Het onderliggende thema van de reeks onderwijsavonden dit schooljaar is ‘Verbinden'. Wat is verbinding voor jou? En wat is het in de context van onderwijs?
‘Ik vind ‘verbinden’ een ongemakkelijk begrip. Ik hink eigenlijk een beetje op twee gedachten: verbinding kan ons aan de ene kant helpen, want we moeten elkaar vinden op een hoop vlakken in de samenleving, waaronder in het onderwijs. Aan de andere kant heb ik gemengde gevoelens bij het woord: het blijft vaak oppervlakkig en er verandert niet echt iets, omdat je met verbinding niet perse de machtsstructuren aankaart. Je kunt prima met elkaar in verbinding staan, terwijl de machtssituatie blijft zoals die is. Echt verbinden gaat om een radicaal inlevingsvermogen: je moet je afvragen in hoeverre je daadwerkelijk in staat bent de ander te begrijpen. Daarna kun je pas nadenken over hoe je de situatie kunt veranderen. Als we het hebben over het onderwijs, dan zijn er mensen die bepaalde privileges genieten en daardoor makkelijker hun weg door het onderwijs heen vinden. Dan is verbinding een heel mooi middel om dat aan te kaarten, maar vaak blijft het dan toch bij dat gesprek en verandert er uiteindelijk niets. Als je in het onderwijs werkt, zou je je moeten afvragen: in hoeverre ben ik eigenlijk in staat om de mensen voor wie ik onderwijs verzorg ook daadwerkelijk te begrijpen?'
Idealiter is verbinding een middel om machtsstructuren bespreekbaar te maken
'Verbinding is voor mij dus een mooi startpunt, maar het is geen doel op zich. Idealiter is het een middel om machtsstructuren bespreekbaar te maken. Dat geldt ook bijvoorbeeld voor diversiteit: een deur openen en zeggen dat iedereen welkom is en ‘laten we verbinden’ is niet voldoende. De dominante klasse moet eerst de eigen vooroordelen bevragen om van daaruit te kijken hoe ze iedereen actief een plek kunnen bieden.'
‘In sommige gevallen betekent dat bijvoorbeeld – en dat is een beetje wat ik bedoel met ongemakkelijk – dat sommige mensen misschien wel gewoon op de verkeerde plek zitten en niet in staat zijn om daadwerkelijke verandering te realiseren. Dan krijg je situaties waarin mensen heel welwillend en met de juiste bedoelingen les gaan geven op een school in een kansarme wijk of beleidsmedewerker armoede worden, terwijl ze zelf nooit in een kansarm milieu of in armoede hebben geleefd. Hierdoor dragen ze uiteindelijk ondanks hun idealen bij aan de instandhouding van de status quo. Niet uit onwil, maar uit onwetendheid en als gevolg daarvan onkunde.’

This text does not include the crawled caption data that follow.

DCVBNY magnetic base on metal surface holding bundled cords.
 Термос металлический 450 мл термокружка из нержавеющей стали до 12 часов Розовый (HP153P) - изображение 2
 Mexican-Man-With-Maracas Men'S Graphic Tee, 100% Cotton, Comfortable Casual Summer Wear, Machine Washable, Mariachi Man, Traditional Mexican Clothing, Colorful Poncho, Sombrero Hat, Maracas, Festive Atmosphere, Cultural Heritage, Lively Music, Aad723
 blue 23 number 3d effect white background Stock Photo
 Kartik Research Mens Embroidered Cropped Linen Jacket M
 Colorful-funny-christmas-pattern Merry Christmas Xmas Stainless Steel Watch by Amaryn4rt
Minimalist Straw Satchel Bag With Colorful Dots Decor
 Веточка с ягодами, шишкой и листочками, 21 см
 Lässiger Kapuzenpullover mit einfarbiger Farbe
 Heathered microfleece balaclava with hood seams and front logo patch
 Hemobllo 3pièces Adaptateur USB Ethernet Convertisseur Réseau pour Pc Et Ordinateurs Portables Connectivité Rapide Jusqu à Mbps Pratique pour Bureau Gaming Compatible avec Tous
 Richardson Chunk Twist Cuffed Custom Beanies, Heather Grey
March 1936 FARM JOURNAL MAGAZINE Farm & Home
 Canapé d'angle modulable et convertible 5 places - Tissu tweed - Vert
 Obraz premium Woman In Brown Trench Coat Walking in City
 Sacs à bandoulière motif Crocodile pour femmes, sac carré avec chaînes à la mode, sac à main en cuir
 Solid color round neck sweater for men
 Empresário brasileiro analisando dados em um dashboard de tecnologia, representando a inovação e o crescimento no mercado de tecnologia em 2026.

‘We weten dat kansenongelijkheid bestaat, maar voor mij is kansenongelijkheid in de kern een vraagstuk over hoe we als samenleving naar verschillende groepen mensen kijken. Als we weten dat mensen met een migratieachtergrond en mensen uit lagere sociaal-economische klassen structureel te maken krijgen met onderadvisering, dan kun je wel pleiten voor brede brugklassen of andere soortgelijke maatregelen, maar zolang het fundament niet ter discussie wordt gesteld blijven kansen ongelijk en oneerlijk verdeeld. Daar verandering in brengen is moeilijk, doordat het systeem voor veel van de mensen die hier uiteindelijk over gaan werkt zoals het bedoeld is.’
Als je als leerkracht al niet de ruimte voelt om het gesprek aan te gaan over jouw gemarginaliseerd zijn, dan voelen de kinderen die ruimte natuurlijk al helemaal niet
‘Ik kom best veel mensen in het onderwijs tegen die vertellen dat ze een soortgelijke achtergrond hebben als ik, of die op een andere manier gemarginaliseerd zijn, maar die niet de ruimte voelen om dat te uiten binnen hun team. Dan denk ik: zo’n school heeft dus iemand in het team die zelf ervaring heeft met kansenongelijkheid. Zet die persoon dan in diens kracht om daadwerkelijk verandering te realiseren. Als je als leerkracht al niet de ruimte voelt om het gesprek aan te gaan over jouw gemarginaliseerd zijn, dan voelen de kinderen die ruimte natuurlijk al helemaal niet. Daarmee beperk je de betekenis die zo een docent kan hebben voor de leerlingen.’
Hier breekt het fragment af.